Un filone che è stato largamente egemone nel decennio passato e che si è giovato via via delle idee di Pietro Ichino, Tito Boeri, Tiziano Treu, Tommaso Nannicini, Marco Leonardi. Giuristi ed economisti del lavoro che hanno sostenuto opzioni differenti tra loro ma accomunati da una matrice culturale modernista. Chi ha sostenuto queste tesi non può oggi che vedere un ritorno al passato anche perché vede saldarsi politiche orientate a ridurre l’età pensionabile (la quota 100) e ad allungare gli ammortizzatori sociali. Così si finisce per prefigurare un «turnover sussidiato» che sul breve può far comodo alle imprese che hanno bisogno di ringiovanire il capitale umano ma che alla lunga abbassa il tasso di partecipazione al lavoro. La tendenza a mettere in campo strumenti di flexsecurity (Naspi, assegno di ricollocazione) è stata comune in tutta Europa, adesso però il rinculo sembra solo italiano, anche perché la ripresa dell’economia reale 2015-2017 è stata da noi più lenta che altrove. I liberal paventano anche che nella scelta delle aziende da tutelare inevitabilmente si affermi il peso politico e quantitativo delle aziende pubbliche, in primis Alitalia, che godranno di una sorta di accesso preferenziale. Ovviamente Di Maio oltre a presentare un testo con i criteri di accesso alla Cigs dovrà individuare anche le coperture perché il provvedimento possa entrare nel decreto urgenze e quindi a breve ne sapremo di più sulle platee di imprese che potranno essere interessate dal provvedimento.
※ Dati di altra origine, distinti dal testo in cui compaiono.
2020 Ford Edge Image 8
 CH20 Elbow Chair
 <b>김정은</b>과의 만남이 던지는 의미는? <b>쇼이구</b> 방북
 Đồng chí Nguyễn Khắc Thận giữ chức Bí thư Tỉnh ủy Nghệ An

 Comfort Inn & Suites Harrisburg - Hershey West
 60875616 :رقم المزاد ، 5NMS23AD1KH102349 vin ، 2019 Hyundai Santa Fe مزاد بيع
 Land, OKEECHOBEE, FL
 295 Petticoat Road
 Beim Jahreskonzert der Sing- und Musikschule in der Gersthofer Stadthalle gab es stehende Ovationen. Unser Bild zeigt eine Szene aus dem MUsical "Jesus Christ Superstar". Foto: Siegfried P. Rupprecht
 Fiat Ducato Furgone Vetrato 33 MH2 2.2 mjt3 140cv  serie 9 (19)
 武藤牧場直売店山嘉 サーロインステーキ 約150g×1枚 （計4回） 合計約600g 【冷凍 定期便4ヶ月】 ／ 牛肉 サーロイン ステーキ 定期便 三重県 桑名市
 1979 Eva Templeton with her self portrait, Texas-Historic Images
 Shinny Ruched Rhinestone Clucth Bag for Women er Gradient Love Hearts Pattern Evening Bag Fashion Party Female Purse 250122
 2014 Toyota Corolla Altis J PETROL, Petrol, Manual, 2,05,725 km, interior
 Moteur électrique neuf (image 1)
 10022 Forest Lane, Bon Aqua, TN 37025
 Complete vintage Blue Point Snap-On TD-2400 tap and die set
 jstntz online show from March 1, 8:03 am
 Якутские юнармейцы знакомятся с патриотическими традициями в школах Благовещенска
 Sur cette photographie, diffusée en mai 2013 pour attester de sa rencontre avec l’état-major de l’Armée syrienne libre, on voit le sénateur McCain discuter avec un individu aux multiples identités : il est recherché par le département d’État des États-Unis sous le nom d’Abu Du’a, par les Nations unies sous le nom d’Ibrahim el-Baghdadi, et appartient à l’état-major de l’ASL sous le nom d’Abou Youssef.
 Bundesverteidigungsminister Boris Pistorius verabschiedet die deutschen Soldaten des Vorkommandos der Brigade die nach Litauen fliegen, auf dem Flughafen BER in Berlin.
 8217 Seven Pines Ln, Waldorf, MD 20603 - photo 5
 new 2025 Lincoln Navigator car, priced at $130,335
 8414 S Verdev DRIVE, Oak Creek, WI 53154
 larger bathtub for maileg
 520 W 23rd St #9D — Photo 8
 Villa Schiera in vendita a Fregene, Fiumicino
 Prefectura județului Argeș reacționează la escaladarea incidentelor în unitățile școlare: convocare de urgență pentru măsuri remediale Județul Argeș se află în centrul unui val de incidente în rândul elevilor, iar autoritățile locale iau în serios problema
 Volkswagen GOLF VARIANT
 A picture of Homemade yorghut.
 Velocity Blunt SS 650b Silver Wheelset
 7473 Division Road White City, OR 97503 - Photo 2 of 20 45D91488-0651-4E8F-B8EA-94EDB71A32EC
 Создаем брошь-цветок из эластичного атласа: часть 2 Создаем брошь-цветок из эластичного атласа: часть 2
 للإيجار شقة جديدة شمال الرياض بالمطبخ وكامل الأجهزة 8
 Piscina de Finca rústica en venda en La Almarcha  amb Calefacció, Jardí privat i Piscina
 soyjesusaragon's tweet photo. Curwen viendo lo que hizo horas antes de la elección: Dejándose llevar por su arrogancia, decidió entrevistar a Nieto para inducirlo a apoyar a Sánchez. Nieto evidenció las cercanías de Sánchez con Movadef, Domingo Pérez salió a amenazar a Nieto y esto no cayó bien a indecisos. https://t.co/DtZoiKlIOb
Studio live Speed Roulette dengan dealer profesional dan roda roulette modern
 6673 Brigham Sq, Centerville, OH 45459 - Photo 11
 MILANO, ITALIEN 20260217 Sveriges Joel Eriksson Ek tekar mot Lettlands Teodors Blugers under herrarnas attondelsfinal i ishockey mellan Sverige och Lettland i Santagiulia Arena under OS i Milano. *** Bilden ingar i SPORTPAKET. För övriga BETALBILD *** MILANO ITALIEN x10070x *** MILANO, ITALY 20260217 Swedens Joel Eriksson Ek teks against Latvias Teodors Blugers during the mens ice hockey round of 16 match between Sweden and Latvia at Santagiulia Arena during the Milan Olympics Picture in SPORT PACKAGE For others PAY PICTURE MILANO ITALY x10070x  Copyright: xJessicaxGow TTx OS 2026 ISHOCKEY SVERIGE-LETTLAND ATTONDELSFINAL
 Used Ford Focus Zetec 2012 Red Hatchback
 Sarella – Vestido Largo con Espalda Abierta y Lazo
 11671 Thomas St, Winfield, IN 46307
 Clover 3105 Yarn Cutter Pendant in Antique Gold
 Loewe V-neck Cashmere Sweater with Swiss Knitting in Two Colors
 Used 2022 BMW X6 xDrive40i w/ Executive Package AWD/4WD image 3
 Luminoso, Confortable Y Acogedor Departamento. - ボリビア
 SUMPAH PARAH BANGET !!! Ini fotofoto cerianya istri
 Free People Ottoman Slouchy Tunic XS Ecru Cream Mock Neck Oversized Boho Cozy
Registrata la posizione liberal bisogna però dire che la mappa si presenta diversa dal recente passato, dal caso Ilva per esempio. A chiedere l’intervento del ministro è infatti uno dei leader dei metalmeccanici, Marco Bentivogli, che invece era stato il critico più feroce del governo nel caso di Taranto. I sindacati dei meccanici ieri hanno schierato a Roma 2 mila delegati e lavoratori di imprese in crisi preoccupati della fine degli ammortizzatori sociali, in rappresentanza di 30 mila lavoratori che rischiano il posto di lavoro entro il 31 dicembre. Ma Bentivogli che ha sostenuto a spada tratta le politiche attive del lavoro e il Jobs act non è in contraddizione a richiedere oggi la nuova Cigs? «Rispondo con quello che chiamo il teorema di Tarzan — dice il segretario generale della Fim-Cisl —. Non mi puoi chiedere di lasciare la vecchia liana se non vedo quella nuova». Fuor di metafora i sindacati non possono rinunciare ai vecchi ammortizzatori se non vedono altri strumenti ugualmente funzionanti. «La flexsecurity è una prospettiva ma oggi il nuovo non c’è e le politiche attive funzionano solo in alcune regioni del Nord dove ce n’è relativamente meno bisogno». A latere del dibattito politico-culturale sulla Cigs è interessante sottolineare come non ci sia accordo neanche sul costo per la fiscalità generale della Cigs. Minimo secondo i sindacati, significativo per chi critica il ritorno al passato e sostiene che la copertura Inps vale sono per una prima fase.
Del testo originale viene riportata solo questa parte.